Il volo mi permette una visuale maestosa dello stretto di Magellano, molto piú ampio di quanto me lo figurassi, ma faccio fatica a realizzare che sono su un'isola.
Qui a Ushuaia nevica, ma non fa il freddo che si potrebbe immaginare. La cittadina è, ahimè, piuttosto turistica e si puó trovare qualsiasi cosa a prezzi comunque abbordabili. Appena varco la soglia dell'ostello mi sembra di essere a casa, dal momento che un omone sta orgogliosamente sperimentando la sua nuova macchina tira pasta made in china.

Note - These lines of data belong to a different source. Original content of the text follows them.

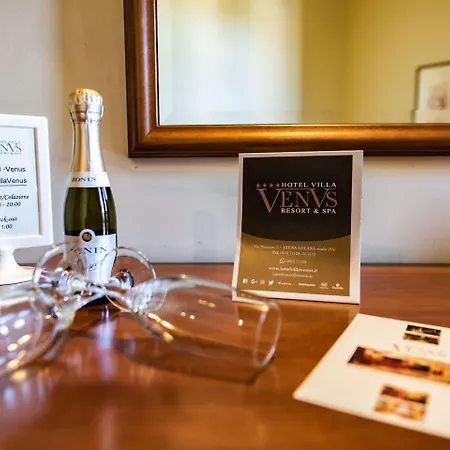 Venus & Hotel 4*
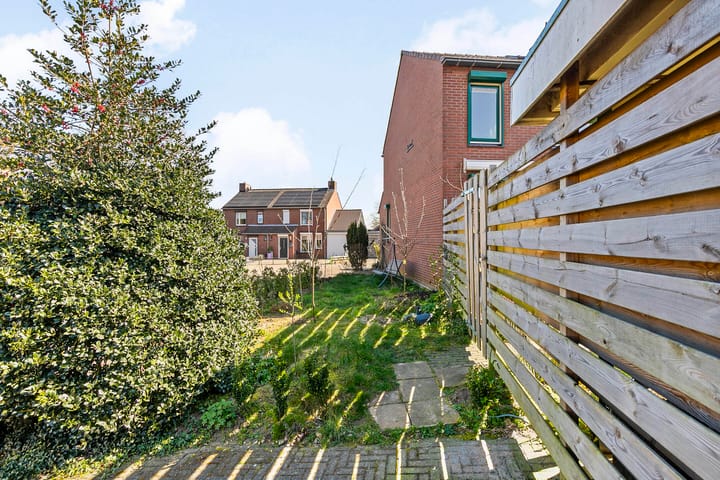 Foto 31 van Hagedoorn 7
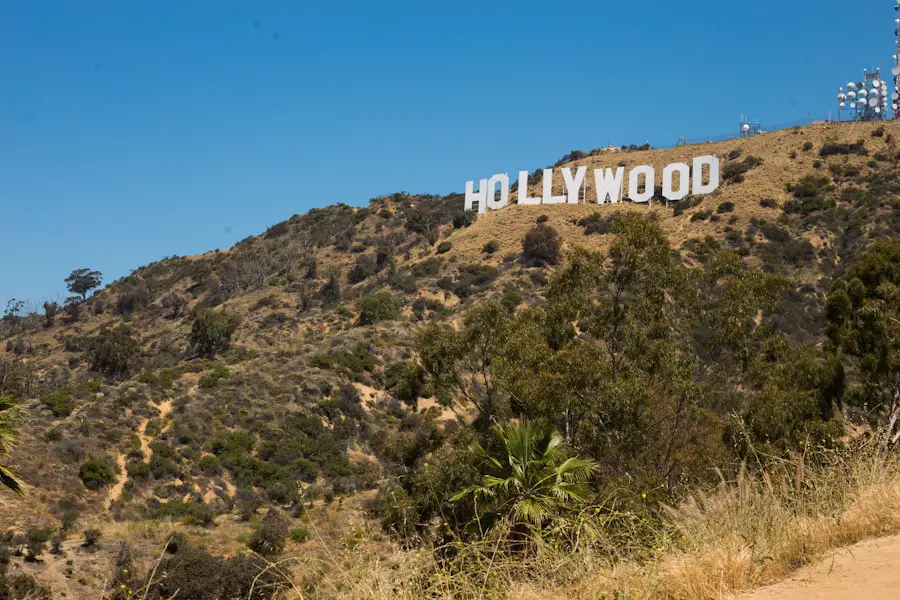 Photo "how to get to the hollywood sign without hiking"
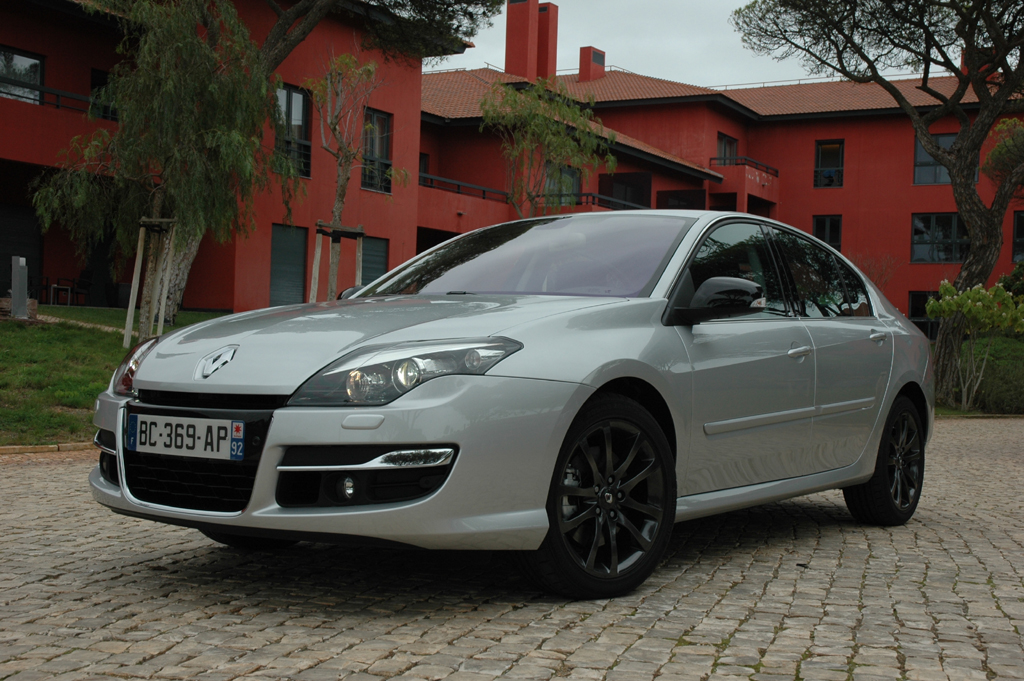 Renault Laguna: Und so sieht die Limousine nach der leichten Überarbeitung aus.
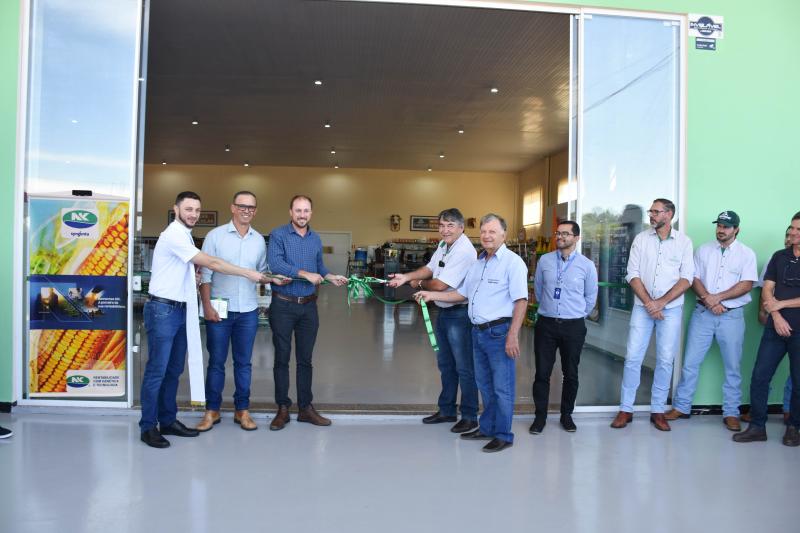 Coprossel inaugura Loja AgropecuÃ¡ria e reforÃ§a compromisso com o desenvolvimento regional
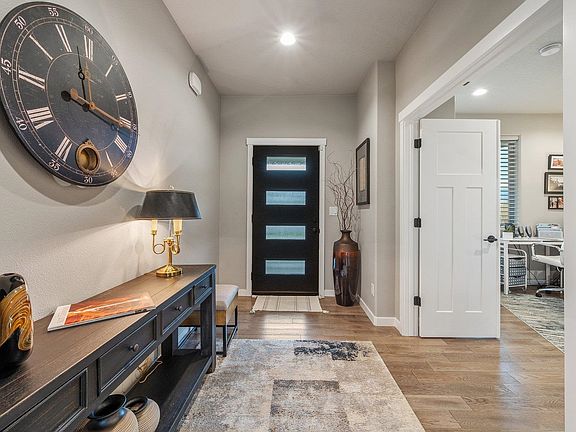 4th image of 22520 E Penrose Ln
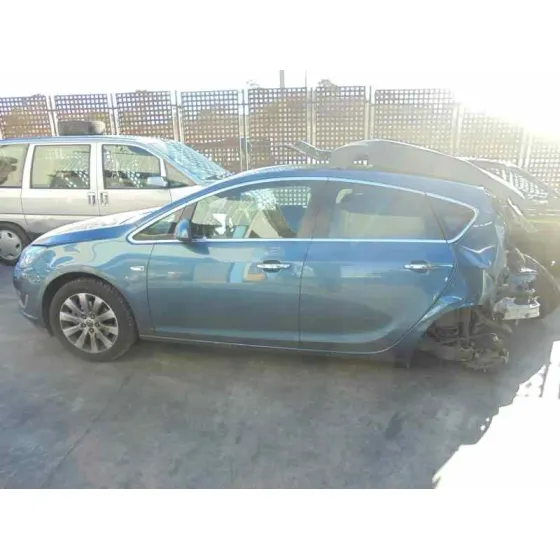 OPEL ASTRA J LIM. '2013 EXCELLENCE AZUL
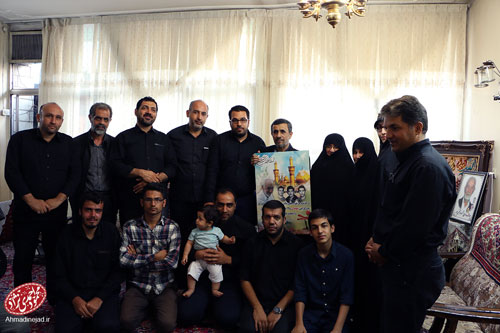 احمدی‌نژاد در منزل شهیدان خالقی + عکس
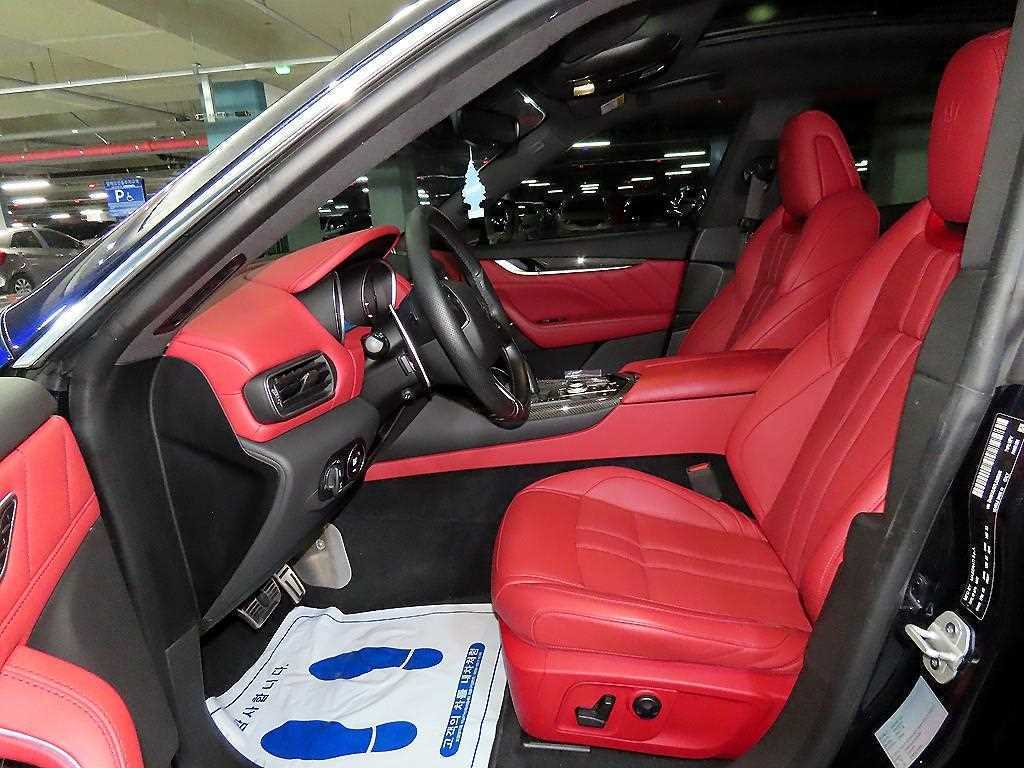 Maserati Levante - Vista 7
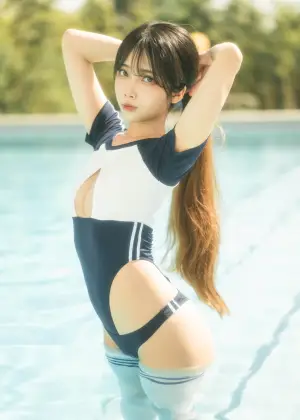 杏仁曲奇 – 蓝白泳装 [50P-953MB]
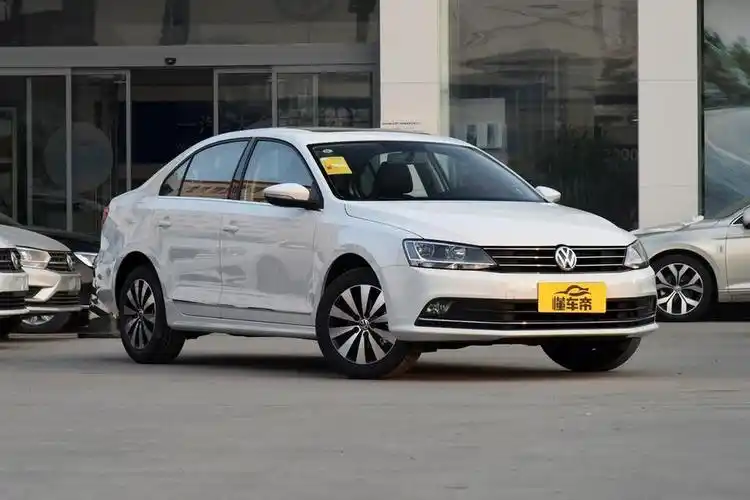 速腾-无锡国庆车展,18款1.6自吸自动舒适上路包牌13.8万,首付7.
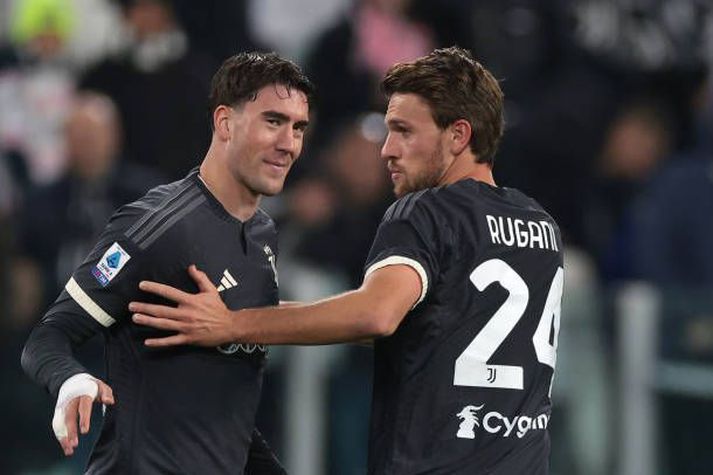 Dusan Vlahovic skoraði tvö mörk og gaf svo stoðsendingu þegar Daniele Rugani tryggði Juventus sigur í dag. 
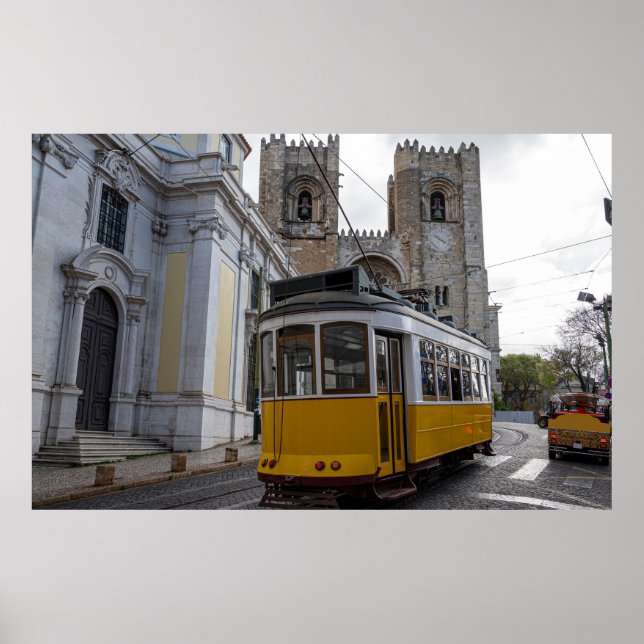 Gelbe Straßenbahn auf der Kathedrale von Lissabon  Poster (Vorne)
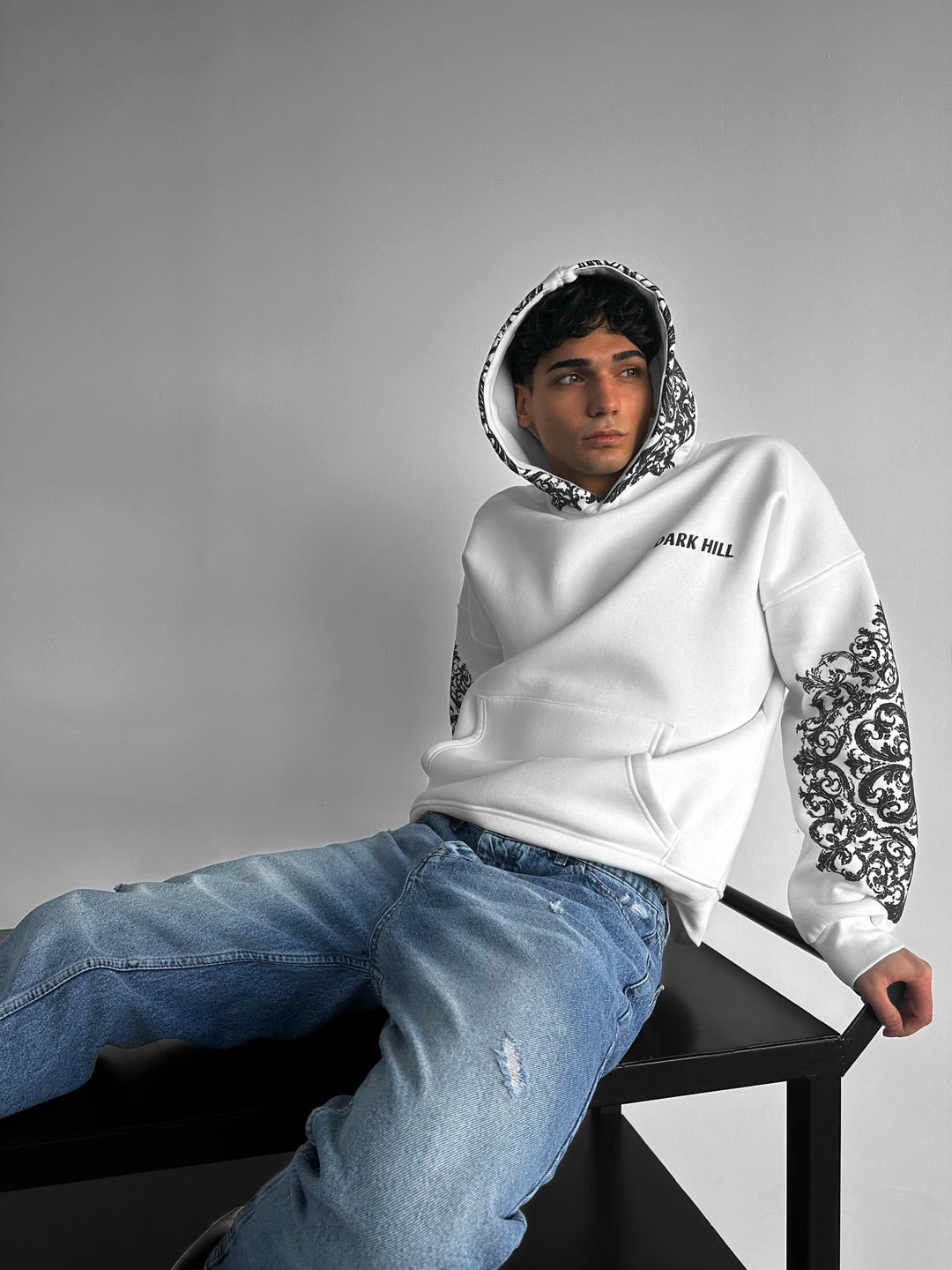 Hoodie z nadrukiem w oversize - Biały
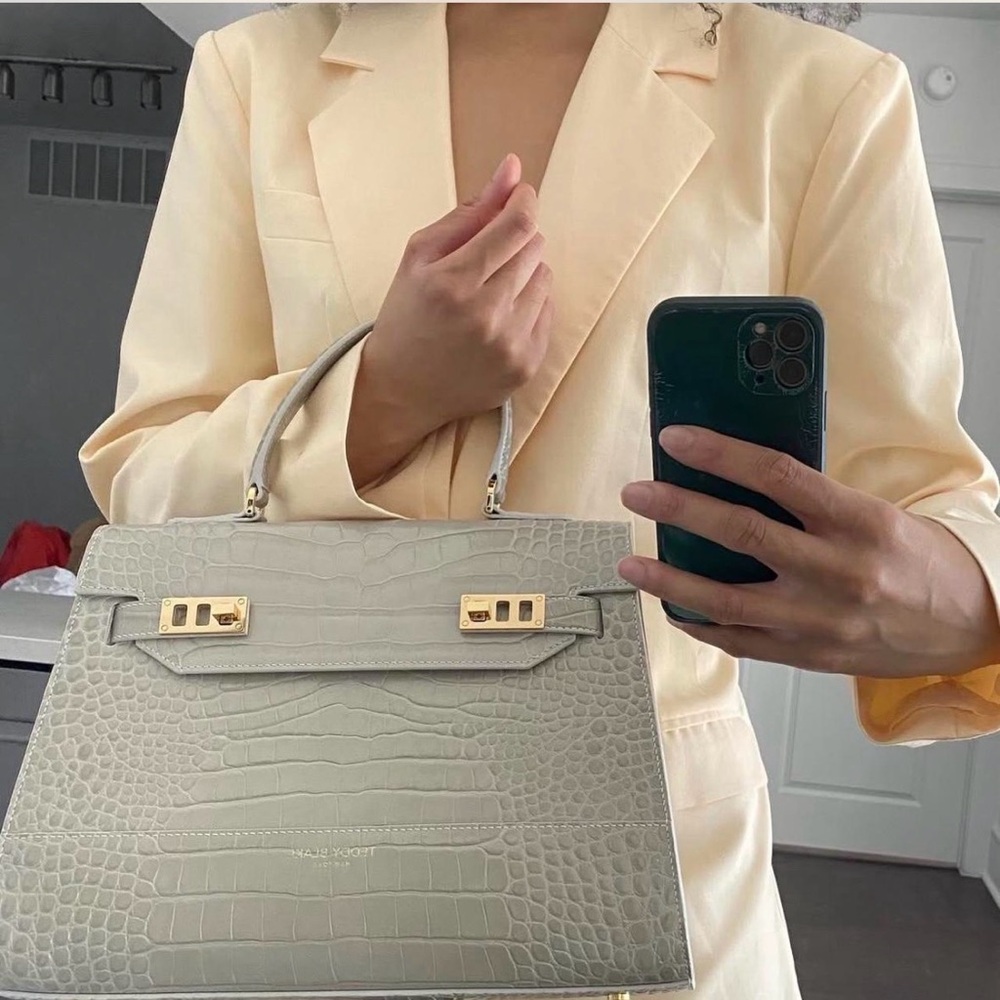 Kim Croco 14" Light Grey by Teddy Blake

Vengo immediatamente cooptato, in quanto italiano, a preparare un ragù per quindici. Cena pantagruelica e standing ovation, non solo per il mio ragú. Per voi che non mi conoscete, mi destreggio tra i fornelli senza particolari difficoltá. Oggi giornata di cazzeggio culminata con l'andare a far la spesa per una grigliata con un tizio argentino piuttosto stordito che ha comperato il supermercato intero, oltre a 8 chili di carne (che è costata 25 euro, a detta sua molto piú cara che a Buenos Aires).
Domani è la festa dell'indipendenza, ma mi sa che me ne andró a sciare.